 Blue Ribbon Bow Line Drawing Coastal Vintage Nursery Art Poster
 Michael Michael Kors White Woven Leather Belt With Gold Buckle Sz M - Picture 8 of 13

...

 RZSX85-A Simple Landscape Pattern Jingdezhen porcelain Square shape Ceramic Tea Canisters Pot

### WHAT IS BEING ASKED
Starting at the line that contains "Blue Ribbon Bow" and stopping after the line that contains "Michael Michael Kors", write out every line exactly as it appears above, and no other line.

### ANSWER AREA
 Blue Ribbon Bow Line Drawing Coastal Vintage Nursery Art Poster
 Michael Michael Kors White Woven Leather Belt With Gold Buckle Sz M - Picture 8 of 13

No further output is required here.